Sorry to bother you, I am also using the default configuration now, my question is why this error is not raised during training, but this error is raised during validation after training an epoch, I think it should be the image size The problem

Sorry to bother you, I am also using the default configuration now, my question is why this error is not raised during training, but this error is raised during validation after training an epoch, I think it should be the image size The problem

The configurations in train.py are all default, You can make sure you are using the latest code

Sorry to bother you, I am also using the default configuration now, my question is why this error is not raised during training, but this error is raised during validation after training an epoch, I think it should be the image size The problem

Tracy-git commented 2 years ago

The configurations in train.py are all default, You can make sure you are using the latest code

I seem to have solved this problem. When the input size is greater than 1024, the model can be successfully trained and validated. When the input size is smaller than 1024, only training can be performed, and this error will be raised during valid. I don't know why

iscyy commented 2 years ago

Can you tell me what train command you are using? This should have nothing to do with the image size

Tracy-git commented 2 years ago

First of all thanks for your reply，My training configuration is ：--cfg configs\yolov7-transformer-Improved\yolov7-Swin-ConvNext.yaml --data data\MYVOC.yaml --otaloss yolov7 --batch-size 2 --imgsz 1080 --epochs 100. the error is like follow picture

iscyy commented 2 years ago

use python train.py --cfg configs/yolov7-transformer-Improved/yolov7-Swin-ConvNext.yaml --otaloss yolov7, ( --img<640), There is no such thing as you said

iscyy commented 2 years ago

hi, That's about it The map is 0 because only one epoch was tested, and it is the coco128 data set, a few more epochs are enough

RogerHuangPKX commented 2 years ago

I found the same error also. When I train my model with configs/yolov7-transformer-Improved/yolov7-Swin-HorNet.yaml, the error will appear in period of val. It said that RuntimeError: shape '[24, 7, 8, 10, 8, 64]' is invalid for input of size 7225344. I don't know why. It can train successfully but not vaildate successfully. My config are as follow:python -m torch.distributed.launch --nproc_per_node 8 --master_port 9527 train.py --workers 16 --device 0,1,2,3,4,5,6,7 --sync-bn --batch-size 96 --data data/apple.yaml --img 1280 --cfg configs/yolov7-transformer-Improved/yolov7-Swin-HorNet.yaml --weights 'yolov7-w6_training.pt' --name yolov7-trans --hyp data/hyps/hyp.scratch-low.yaml

RogerHuangPKX commented 2 years ago

But when I change model to yolov7-transCoT3-HorNet.yaml , there's no error.
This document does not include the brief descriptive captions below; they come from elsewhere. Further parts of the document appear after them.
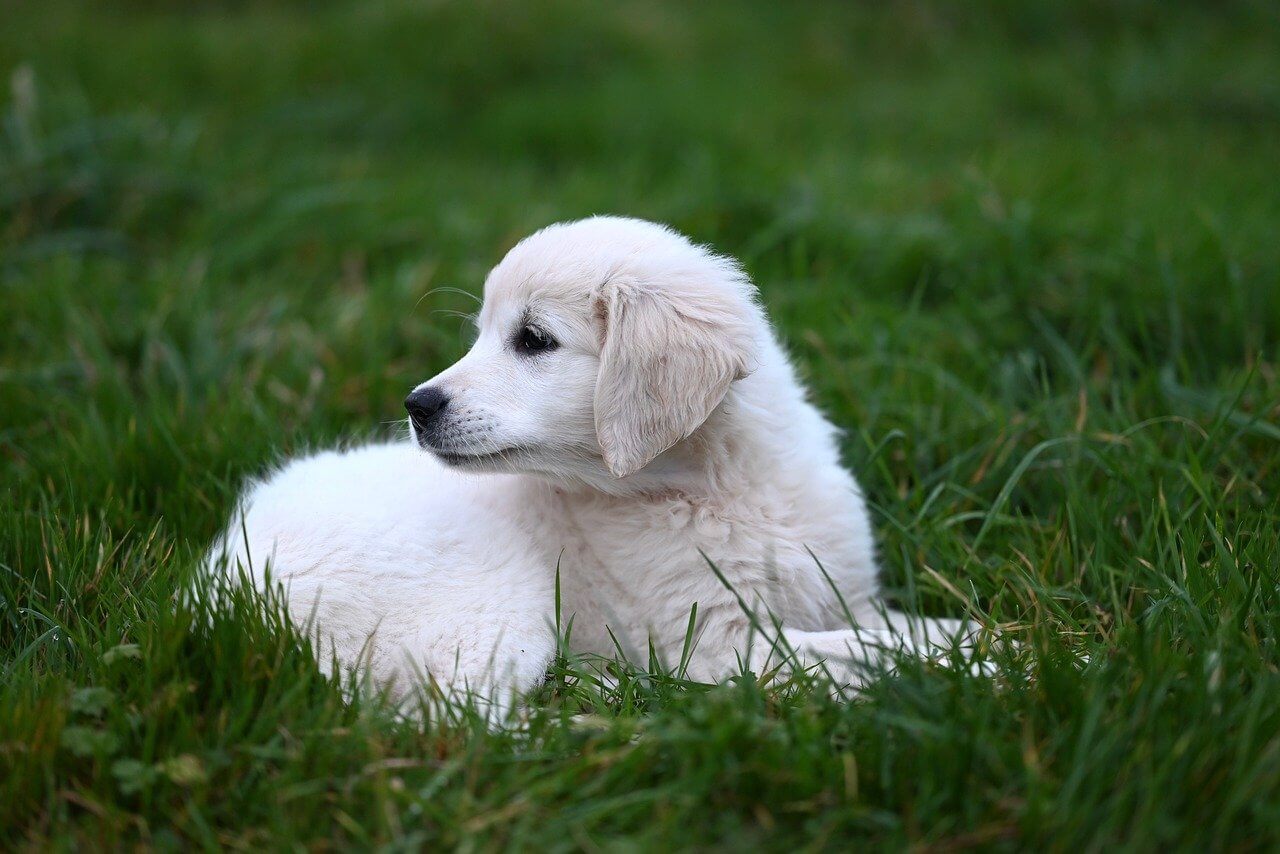 Kultaisennoutajan pentu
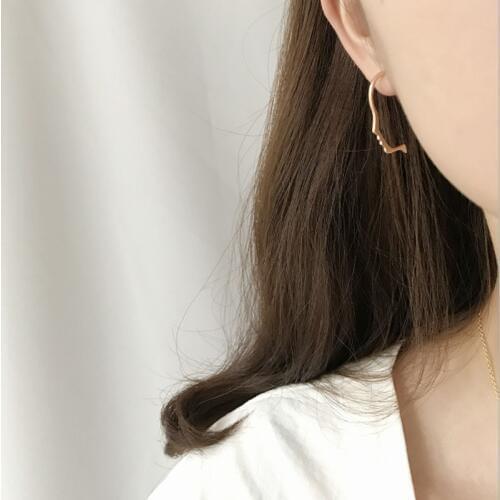 1Pair Funny Side Face Studs Earrings Animal Earings Fashion Jewelry 3 Color Drop Shipping Store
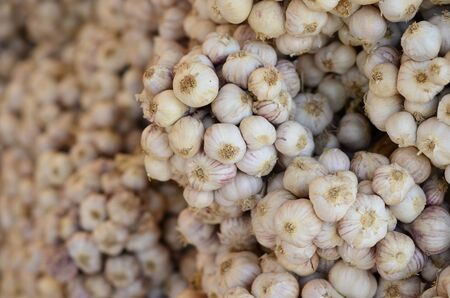 Common Garlic, Allium ,Garlic, Allium sativum L.の写真素材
It seems that there's something wrong with Swin

iscyy commented 2 years ago

@RogerHuangPKX Yes, now the Swin part has been updated to fix this error

Tracy-git commented 2 years ago

when i use your new config file [yolov7-Swin-v2-ConvNext.yaml], a new error comes up . NameError: name 'SwinV2_CSPB' is not defined ,it seems SwinV2_CSPB block you updating is not defined

iscyy commented 2 years ago

You can use the yolov5s-swintransformer_v2.yaml file with the latest code,

Seperendity commented 1 year ago

@iscyy hi，can you tell me why the error occour only in val, i don't find the bug. I use the C3STR found the same error. Thank you so much.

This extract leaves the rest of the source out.